§ **Task item**:
Write the listing out again word for word, skipping each picture.

§ **Exercise material**:
=== Begin Enclosure ===

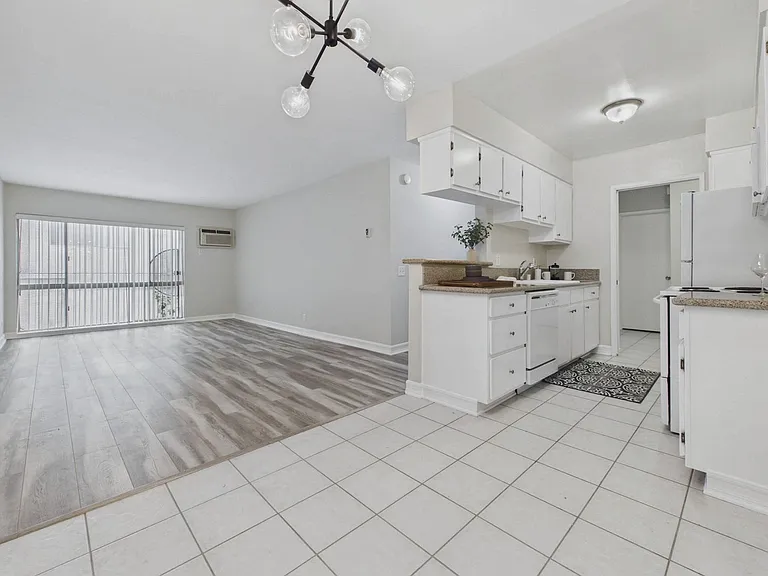 115 Doheny Apartments — Photo 29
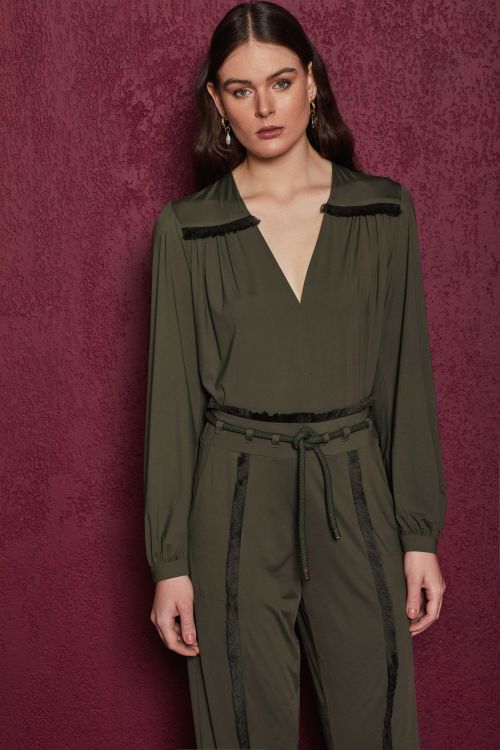BLUSA FLUITY LISO MANGA LONGA DETALHES EM FRANJA VERDE MILITAR VOAR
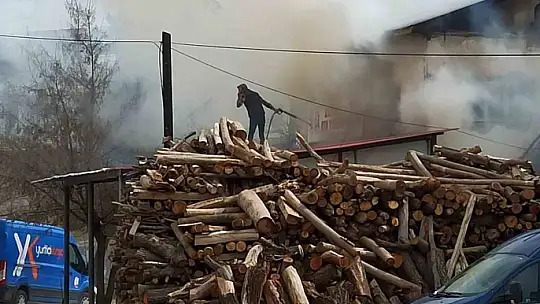 Elazığ'da soba, yangına neden oldu çatı katı kül oldu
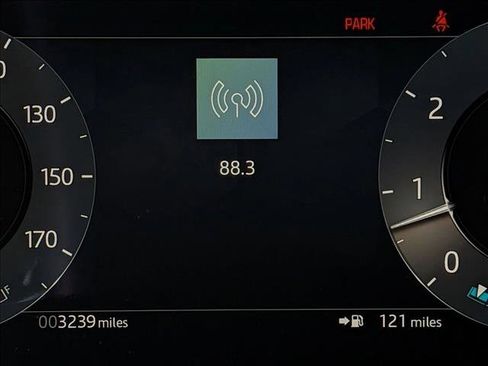 Certified 2026 Land Rover Range Rover Velar Dynamic SE AWD/4WD image 11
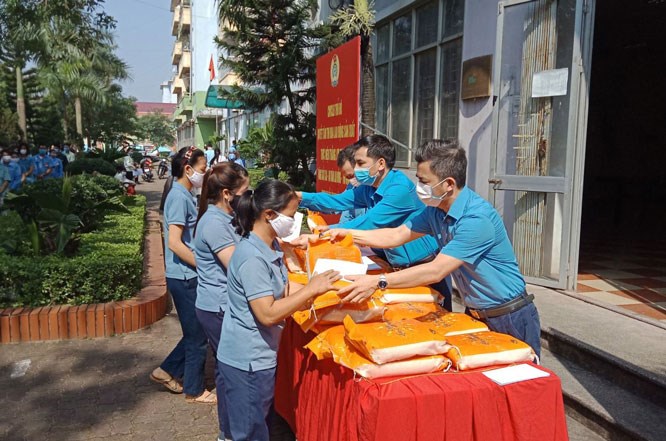 Liên đoàn Lao động thành phố Hà Nội phối hợp với Công đoàn Các khu công nghiệp và chế xuất Hà Nội tặng quà hỗ trợ công nhân Khu công nghiệp Bắc Thăng Long bị ảnh hưởng do dịch Covid-19. Ảnh: Ngọc Ánh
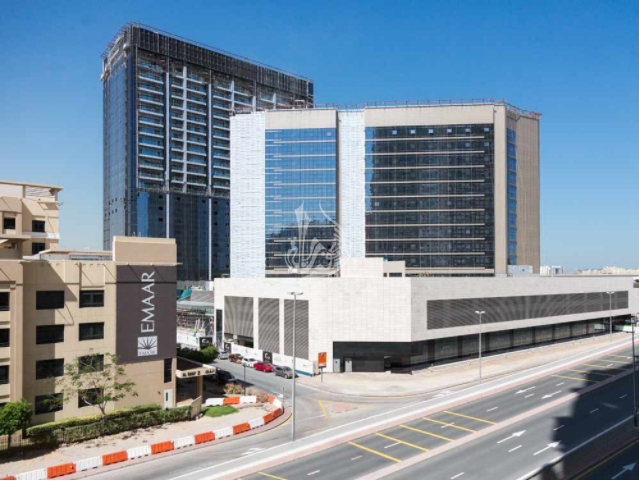 Office for Sale in Great Location in Onyx Tower 2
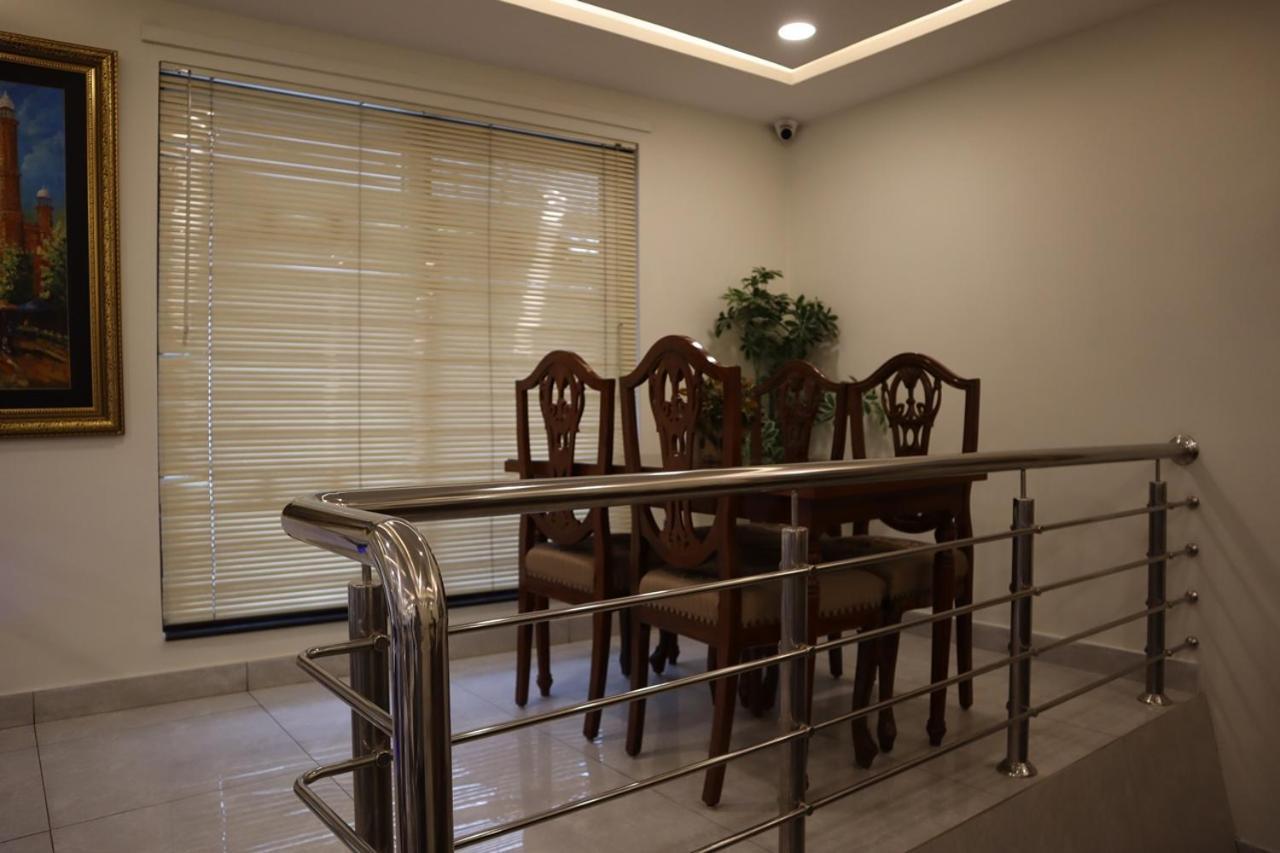 Hayyat Luxury Hotel Suites Lahor Dış mekan fotoğraf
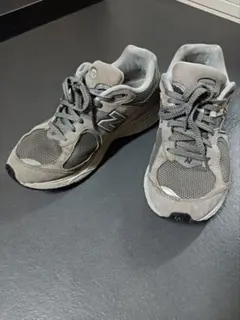 New Balance 2002R グレーのサムネイル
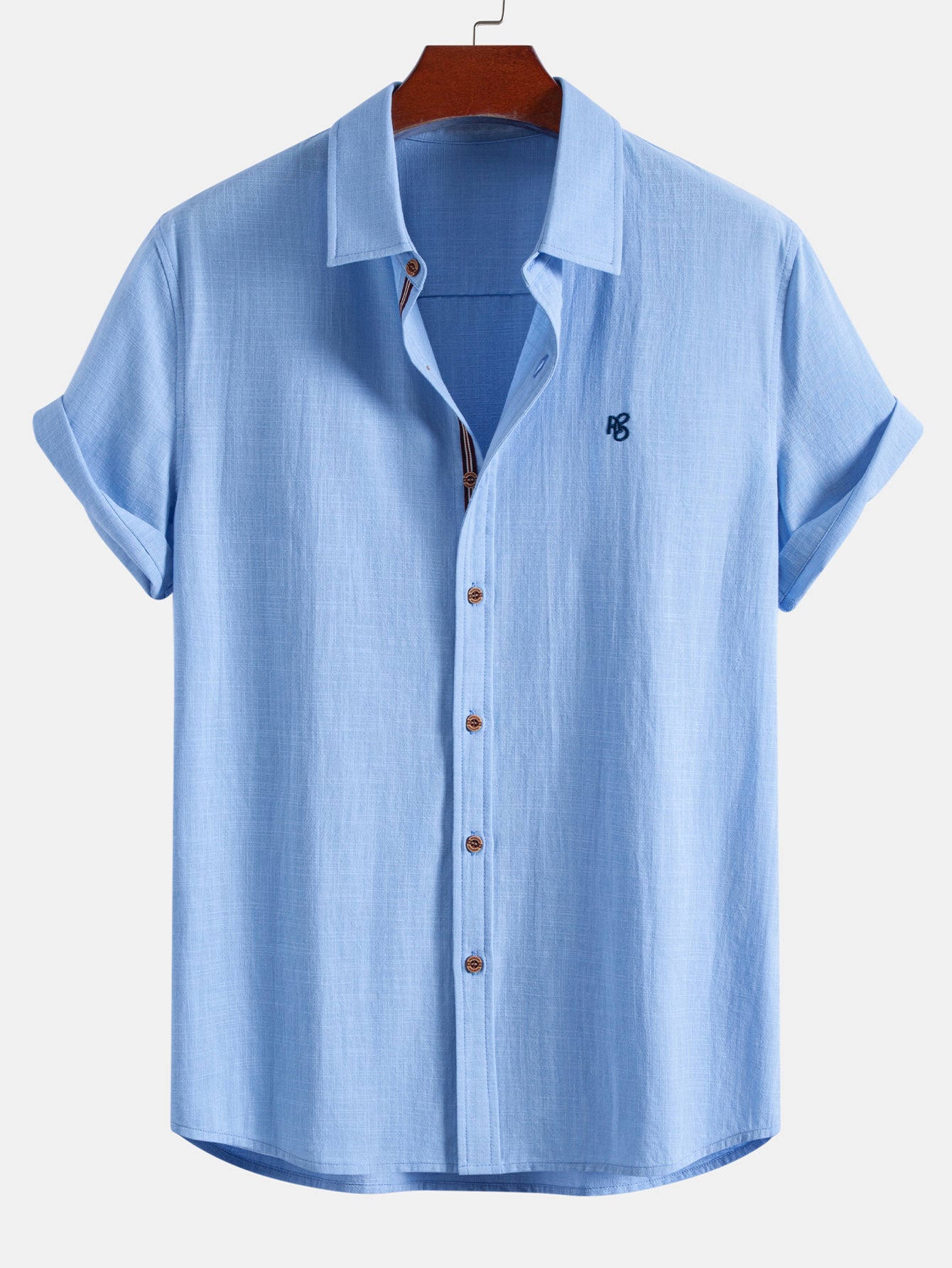 Camisa de manga corta con botones y efecto lino, y pantalones rectos con textura arrugada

=== End Enclosure ===

§ **Exercise solution**:
 115 Doheny Apartments — Photo 29
BLUSA FLUITY LISO MANGA LONGA DETALHES EM FRANJA VERDE MILITAR VOAR
 Elazığ'da soba, yangına neden oldu çatı katı kül oldu
 Certified 2026 Land Rover Range Rover Velar Dynamic SE AWD/4WD image 11
 Liên đoàn Lao động thành phố Hà Nội phối hợp với Công đoàn Các khu công nghiệp và chế xuất Hà Nội tặng quà hỗ trợ công nhân Khu công nghiệp Bắc Thăng Long bị ảnh hưởng do dịch Covid-19. Ảnh: Ngọc Ánh
 Office for Sale in Great Location in Onyx Tower 2
 Hayyat Luxury Hotel Suites Lahor Dış mekan fotoğraf
 New Balance 2002R グレーのサムネイル
 Camisa de manga corta con botones y efecto lino, y pantalones rectos con textura arrugada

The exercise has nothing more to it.